• [ASSIGNED TASK]
Task for the records below: please retype exactly and only the lines from the first through the one with "ラウンドカスタム文字（ロゴ付き） セルフインキングスタンプ (インサイチュ)", with every picture omitted.

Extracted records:
===
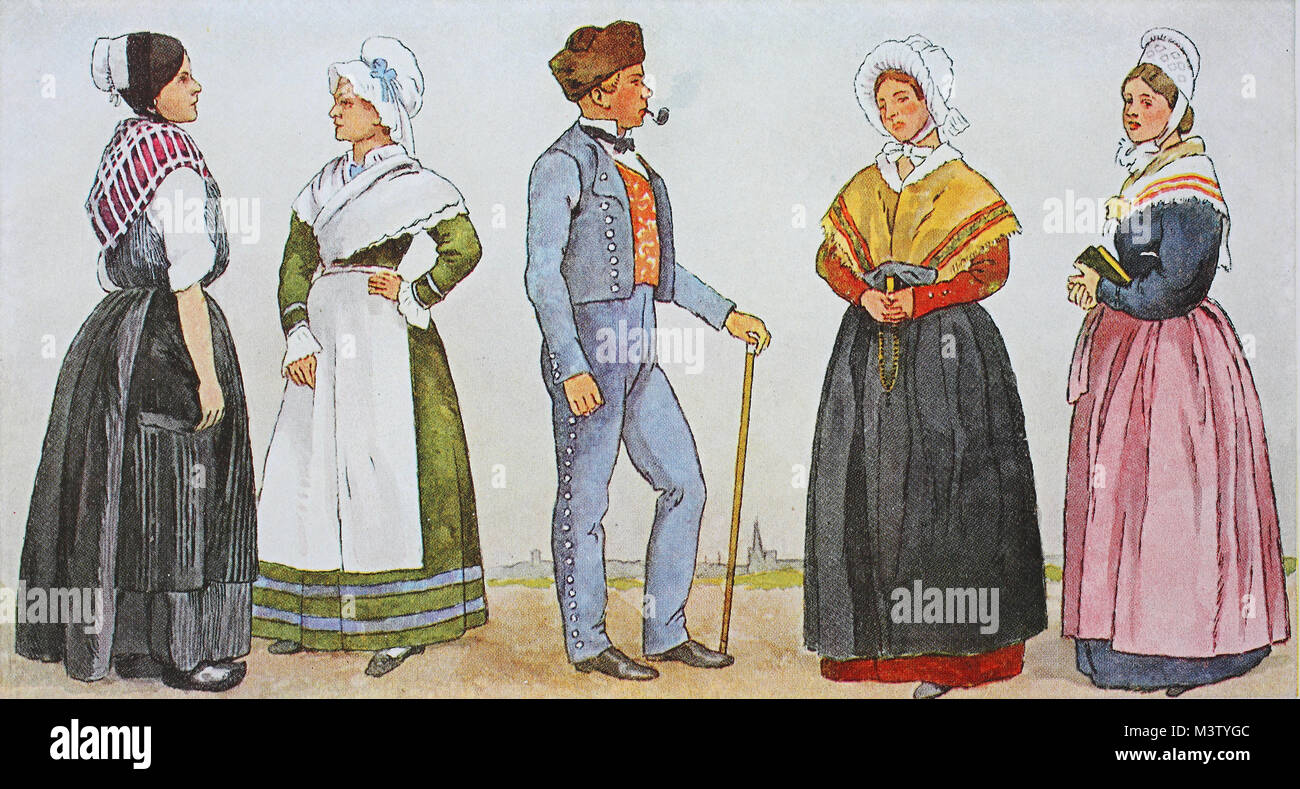 La mode, les vêtements, les costumes traditionnels en France,  l'Alsace-Lorraine autour du 19e siècle, à partir de la gauche, les filles à  partir de la Meuse, les femmes de Lorraine, les hommes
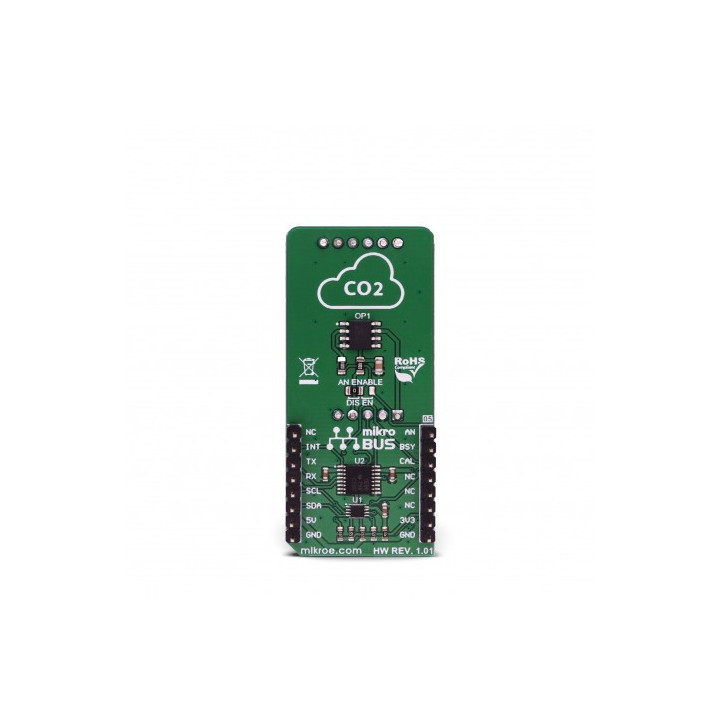 Vue arrière du capteur de gaz NDIR CO2 Click MIKROE-3134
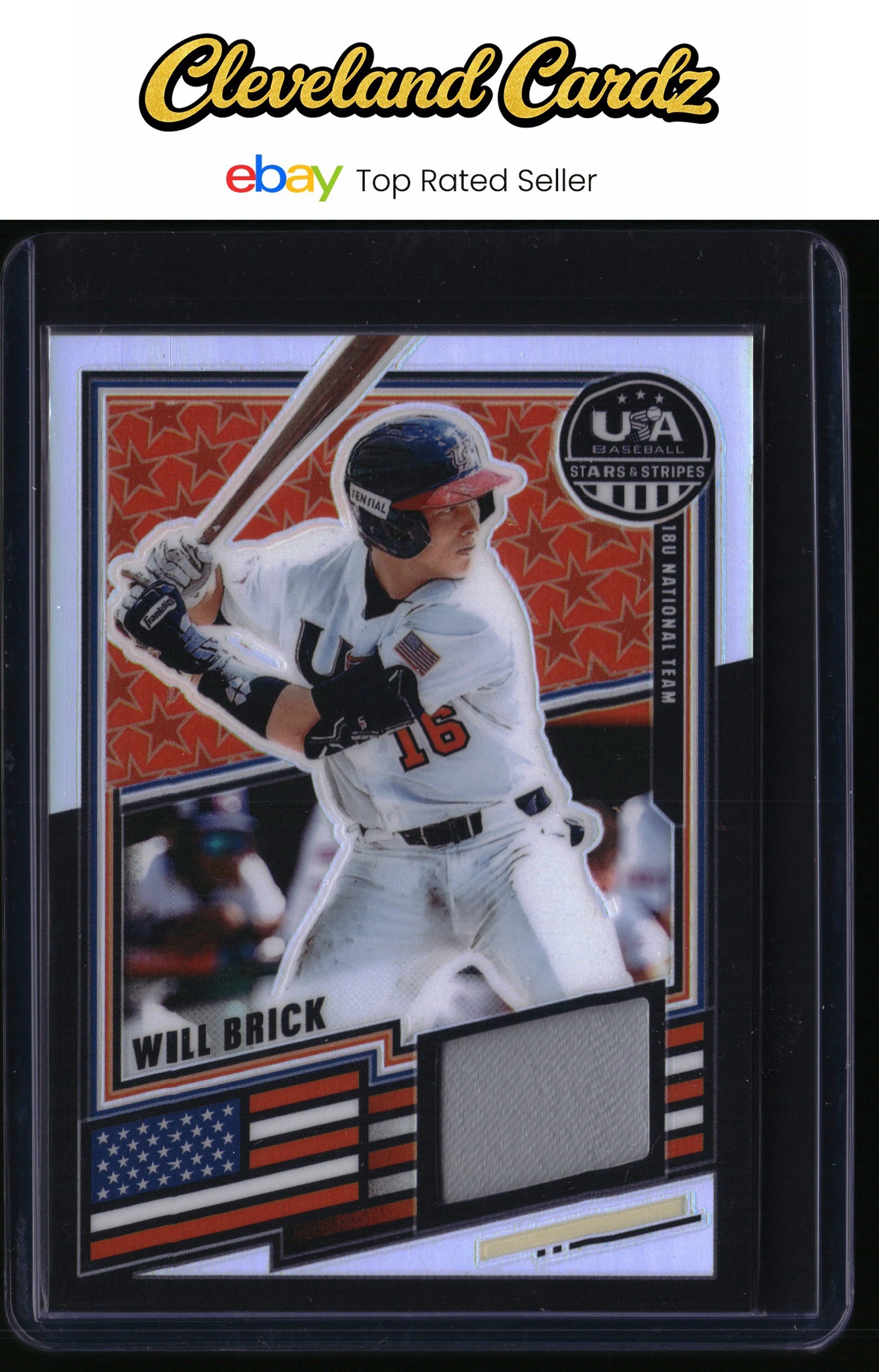 2025 Panini Stars & Stripes USA Baseball #USA-WB Will Brick NT Materials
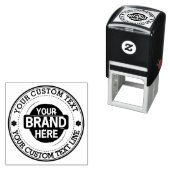 ラウンドカスタム文字（ロゴ付き） セルフインキングスタンプ (インサイチュ)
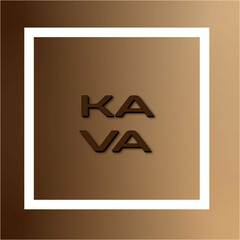 an illustration with kava inscription in the center at brown gradient background - obrazy, fototapety, plakaty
===
• [EXERCISE ANSWER]
 La mode, les vêtements, les costumes traditionnels en France,  l'Alsace-Lorraine autour du 19e siècle, à partir de la gauche, les filles à  partir de la Meuse, les femmes de Lorraine, les hommes
 Vue arrière du capteur de gaz NDIR CO2 Click MIKROE-3134
 2025 Panini Stars & Stripes USA Baseball #USA-WB Will Brick NT Materials
 ラウンドカスタム文字（ロゴ付き） セルフインキングスタンプ (インサイチュ)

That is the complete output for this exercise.